Records for this task:
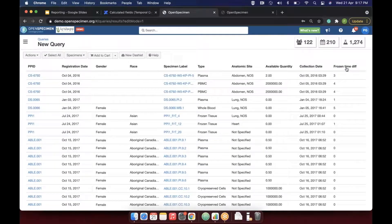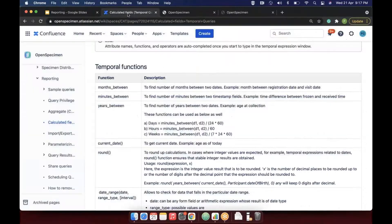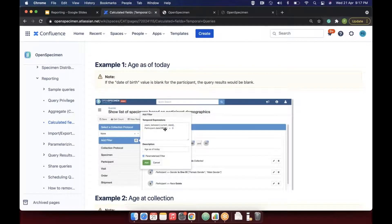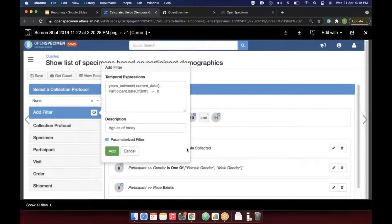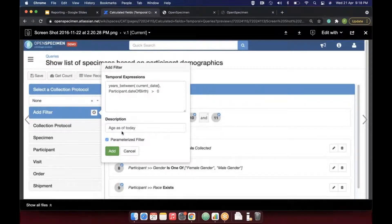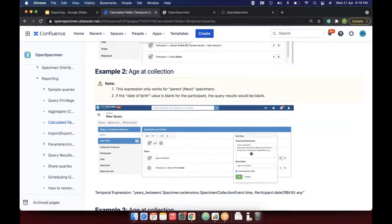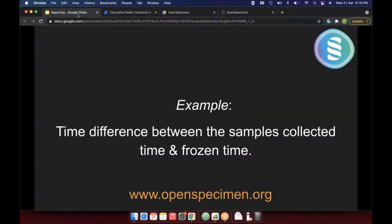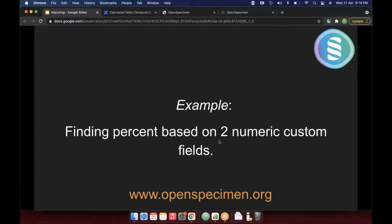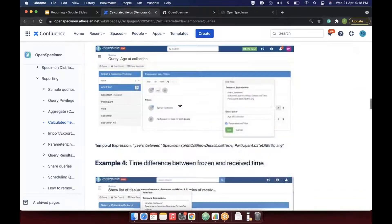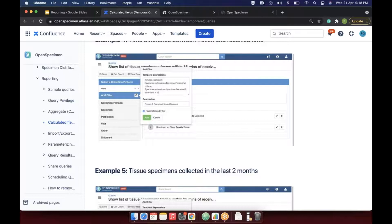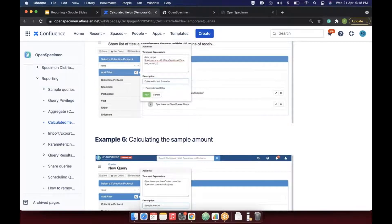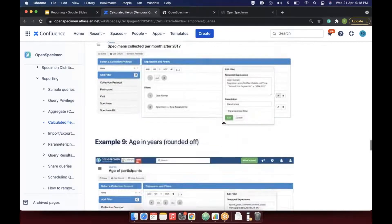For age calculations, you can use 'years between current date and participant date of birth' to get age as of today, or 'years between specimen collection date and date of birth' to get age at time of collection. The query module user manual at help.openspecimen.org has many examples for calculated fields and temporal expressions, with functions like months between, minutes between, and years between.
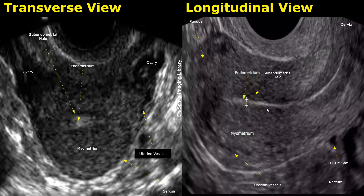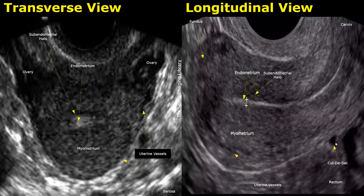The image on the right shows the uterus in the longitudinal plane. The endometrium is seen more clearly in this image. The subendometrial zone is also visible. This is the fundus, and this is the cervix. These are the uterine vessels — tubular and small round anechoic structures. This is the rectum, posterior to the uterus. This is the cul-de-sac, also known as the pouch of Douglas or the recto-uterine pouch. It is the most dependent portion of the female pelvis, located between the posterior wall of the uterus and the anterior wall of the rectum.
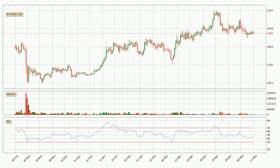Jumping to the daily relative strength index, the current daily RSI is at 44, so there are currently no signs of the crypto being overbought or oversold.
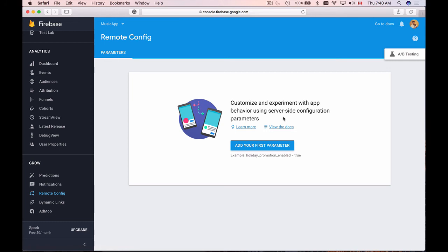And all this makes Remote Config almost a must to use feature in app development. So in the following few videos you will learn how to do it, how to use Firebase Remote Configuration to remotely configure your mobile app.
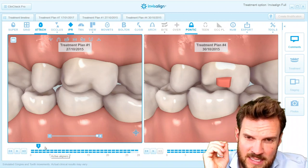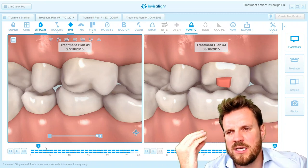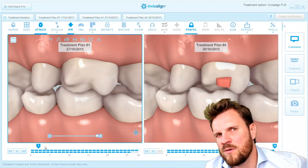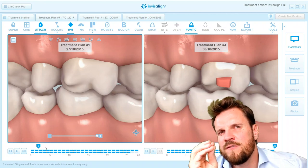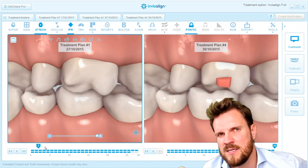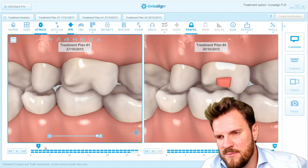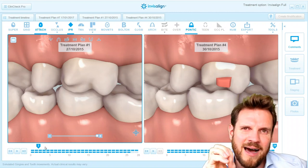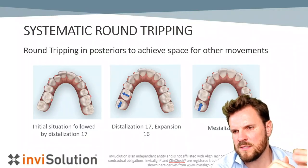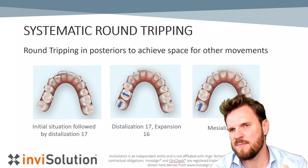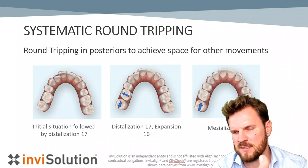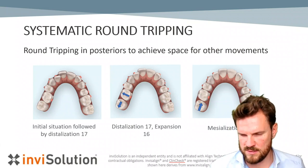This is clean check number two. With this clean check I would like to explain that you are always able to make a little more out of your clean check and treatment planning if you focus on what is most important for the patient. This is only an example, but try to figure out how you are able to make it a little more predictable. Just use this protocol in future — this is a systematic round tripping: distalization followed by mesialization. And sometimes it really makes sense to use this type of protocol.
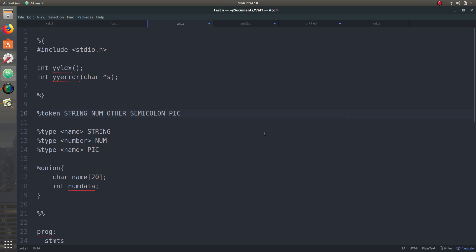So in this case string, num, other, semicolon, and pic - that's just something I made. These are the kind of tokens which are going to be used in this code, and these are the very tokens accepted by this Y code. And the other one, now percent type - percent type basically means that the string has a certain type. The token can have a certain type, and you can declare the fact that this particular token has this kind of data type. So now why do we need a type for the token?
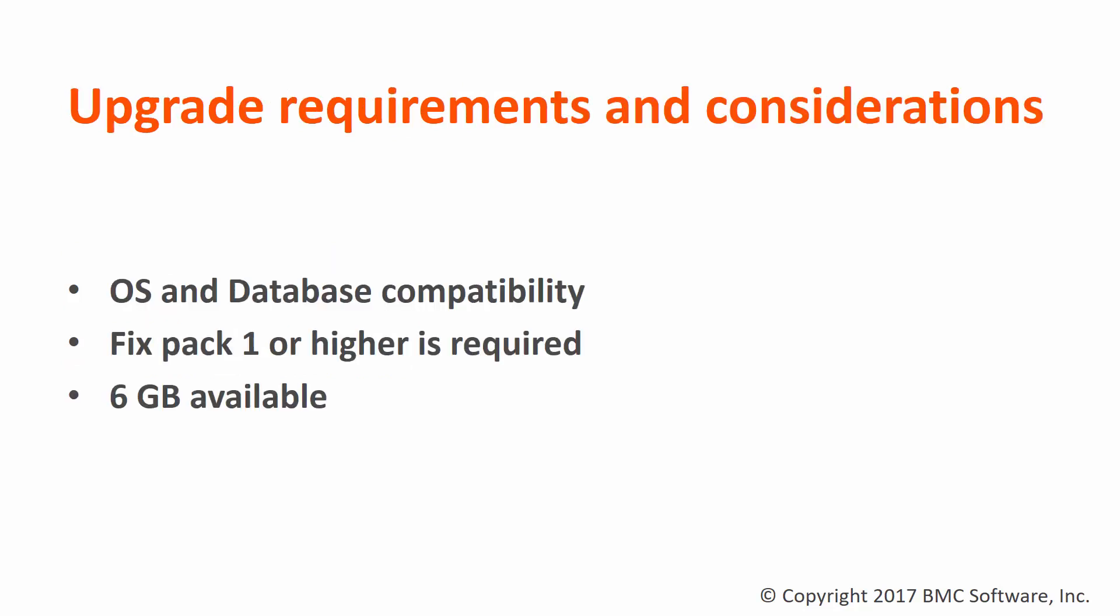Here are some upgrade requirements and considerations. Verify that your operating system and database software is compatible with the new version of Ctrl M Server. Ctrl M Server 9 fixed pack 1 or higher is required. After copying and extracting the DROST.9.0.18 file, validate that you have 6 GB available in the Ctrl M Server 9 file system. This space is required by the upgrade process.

--

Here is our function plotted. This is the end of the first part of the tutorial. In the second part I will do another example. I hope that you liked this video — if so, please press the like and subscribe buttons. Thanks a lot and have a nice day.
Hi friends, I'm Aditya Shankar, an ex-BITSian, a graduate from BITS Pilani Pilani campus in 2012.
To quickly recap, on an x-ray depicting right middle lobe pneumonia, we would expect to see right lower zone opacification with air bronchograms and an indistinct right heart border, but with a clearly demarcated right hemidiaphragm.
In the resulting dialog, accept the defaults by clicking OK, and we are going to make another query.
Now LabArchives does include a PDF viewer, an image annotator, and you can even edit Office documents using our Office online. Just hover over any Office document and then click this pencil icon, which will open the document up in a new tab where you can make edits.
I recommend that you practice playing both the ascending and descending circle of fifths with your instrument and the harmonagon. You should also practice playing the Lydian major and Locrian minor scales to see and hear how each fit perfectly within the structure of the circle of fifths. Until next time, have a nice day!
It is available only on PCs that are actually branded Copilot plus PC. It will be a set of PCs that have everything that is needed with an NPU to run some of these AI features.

...

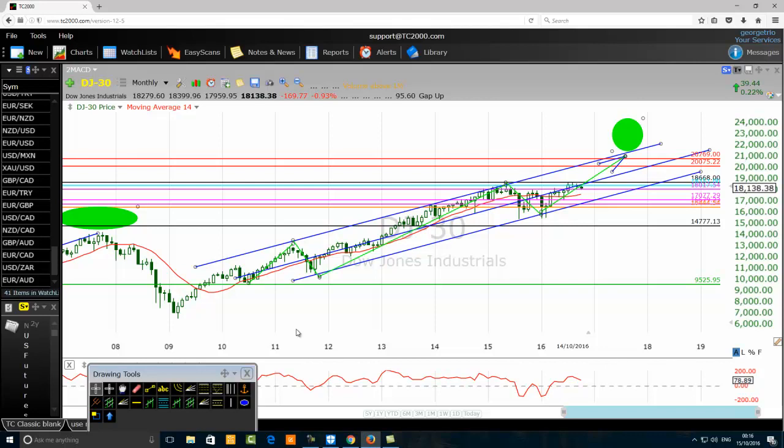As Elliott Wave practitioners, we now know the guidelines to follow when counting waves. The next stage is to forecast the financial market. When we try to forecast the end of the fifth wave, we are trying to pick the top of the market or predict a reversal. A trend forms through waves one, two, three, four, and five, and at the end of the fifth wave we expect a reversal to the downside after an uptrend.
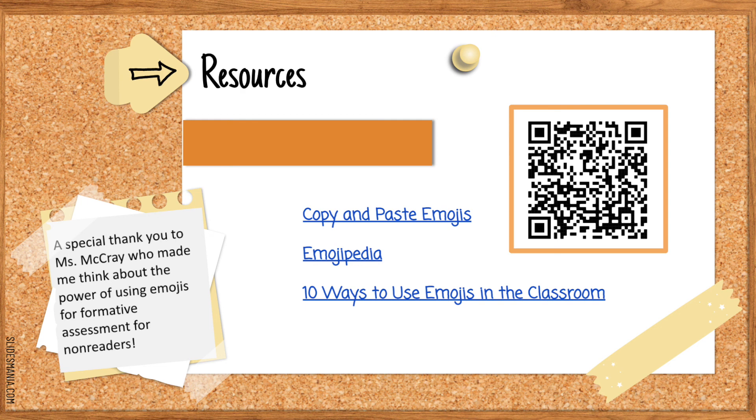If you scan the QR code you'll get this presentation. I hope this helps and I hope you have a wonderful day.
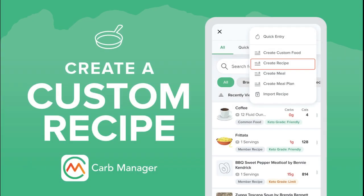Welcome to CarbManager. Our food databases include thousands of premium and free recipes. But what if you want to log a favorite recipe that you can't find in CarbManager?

Exercise description:
From the listing above, please give again the lines that begin with the line holding "If you scan" and go on through the line holding "Welcome to CarbManager.", exactly, both ends included, minus any picture.

Task answer:
If you scan the QR code you'll get this presentation. I hope this helps and I hope you have a wonderful day.
Welcome to CarbManager. Our food databases include thousands of premium and free recipes. But what if you want to log a favorite recipe that you can't find in CarbManager?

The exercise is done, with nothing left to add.